“Em Que Nos Tens Amado?” – Quando o Amor de Deus é Questionado
> “Eu vos tenho amado, diz o Senhor; mas vós dizeis: Em que nos tens amado?”
(Malaquias 1:2)
Deus inicia o livro de Malaquias com uma declaração clara, direta e graciosa:
“Eu vos tenho amado.”
Mas a resposta do povo revela um coração endurecido:
“Em que nos tens amado?”
Não é que Deus tenha se calado. É que o povo havia se tornado insensível à graça.

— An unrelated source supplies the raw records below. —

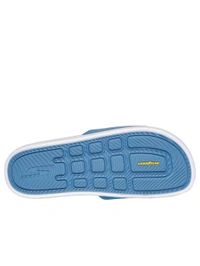 SKECHERS HYPER SLIDE - DERIVER Sliders Blue & White - Biloba Flower, UK 08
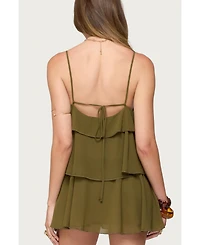 Edikted Women's Gwynne Chiffon Ruffled Mini Dress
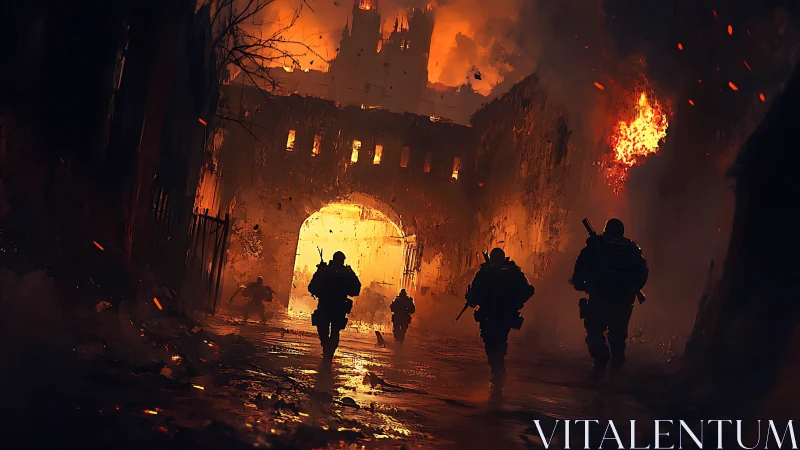 Firelit siege run through a crumbling city gate at dusk.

Eles olhavam para as circunstâncias difíceis do presente e, a partir delas, julgavam o amor de Deus. Quando a vida não correspondia às expectativas, o amor divino passou a ser questionado.
Então o Senhor os conduz de volta à história da aliança:
> “Não foi Esaú irmão de Jacó? Todavia, amei a Jacó.”

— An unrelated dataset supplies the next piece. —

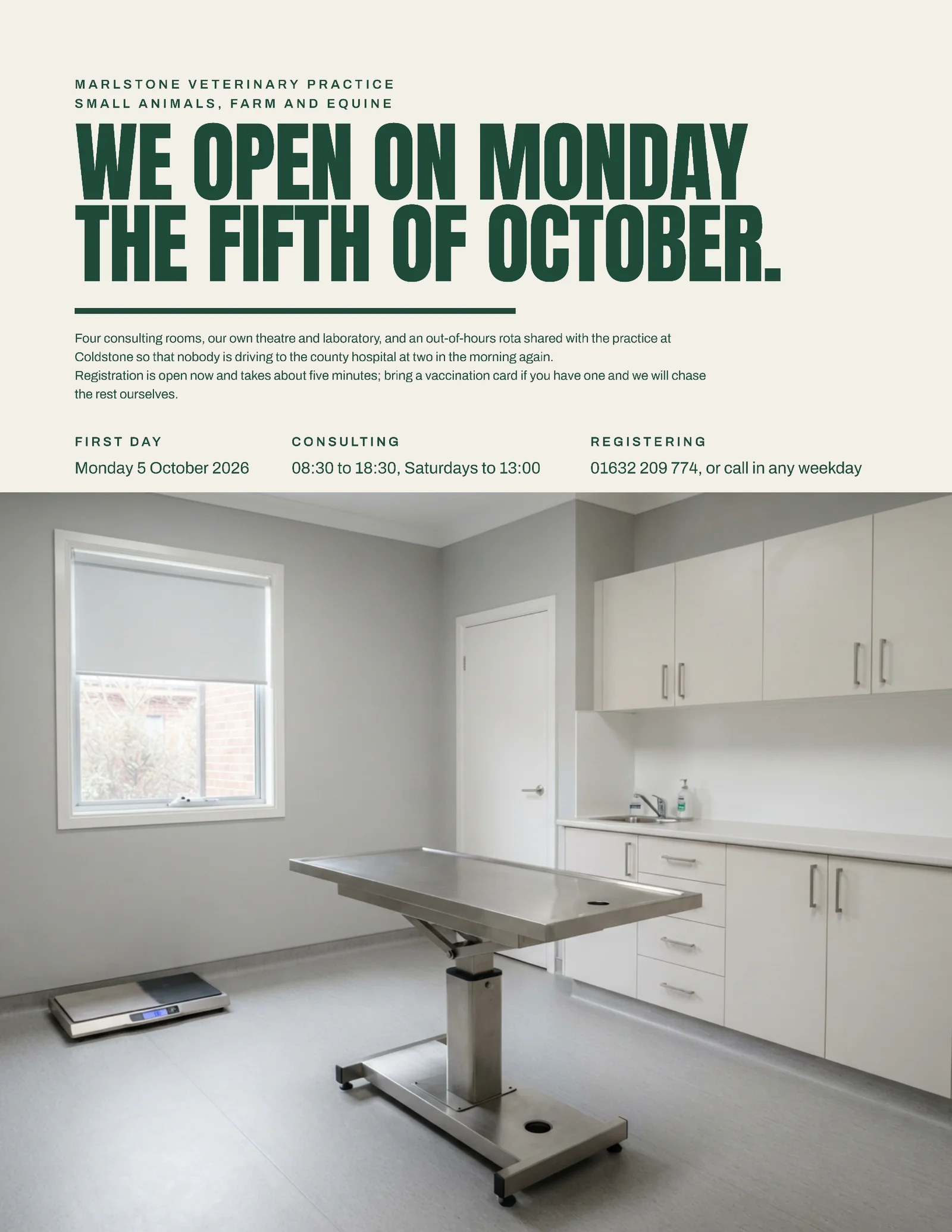 Bottle Green Lower Photo Veterinary Grand Opening Invitation — Letter Invitation template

O amor de Deus não é um sentimento momentâneo nem uma resposta às ações humanas. Ele é pactual, soberano e fiel. Antes mesmo de Jacó merecer, Deus já havia decidido amá-lo. Esse amor não nasce do mérito, mas da graça; não depende da constância humana, mas da fidelidade divina.

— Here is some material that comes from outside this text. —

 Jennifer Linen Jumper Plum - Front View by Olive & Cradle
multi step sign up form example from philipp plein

Quantas vezes nós também agimos assim?
Quando uma oração não é respondida como esperamos, quando algo nos é negado, quando a dor permanece, o coração rapidamente sussurra: “Será que Deus realmente me ama?”
Essa é uma mentira antiga, apenas repetida em novos cenários.
O amor de Deus não é medido pelo que Ele nos concede, mas pelo que Ele já fez. E a maior prova desse amor não está apenas na eleição de Jacó, mas na cruz de Cristo:
> “Mas Deus prova o seu amor para conosco, em que Cristo morreu por nós, sendo nós ainda pecadores.” (Romanos 5:8)
Talvez você ainda não tenha experimentado esse amor. Talvez esteja distante por feridas causadas por pessoas, ou por escolhas que você mesmo fez. Ainda assim, a voz de Deus continua ecoando com graça e firmeza:
“Eu vos tenho amado.”
Que o Senhor nos conceda um coração sensível, capaz de ouvir sua voz, confiar em seu cuidado e obedecer, tanto nos dias bons quanto nos dias difíceis.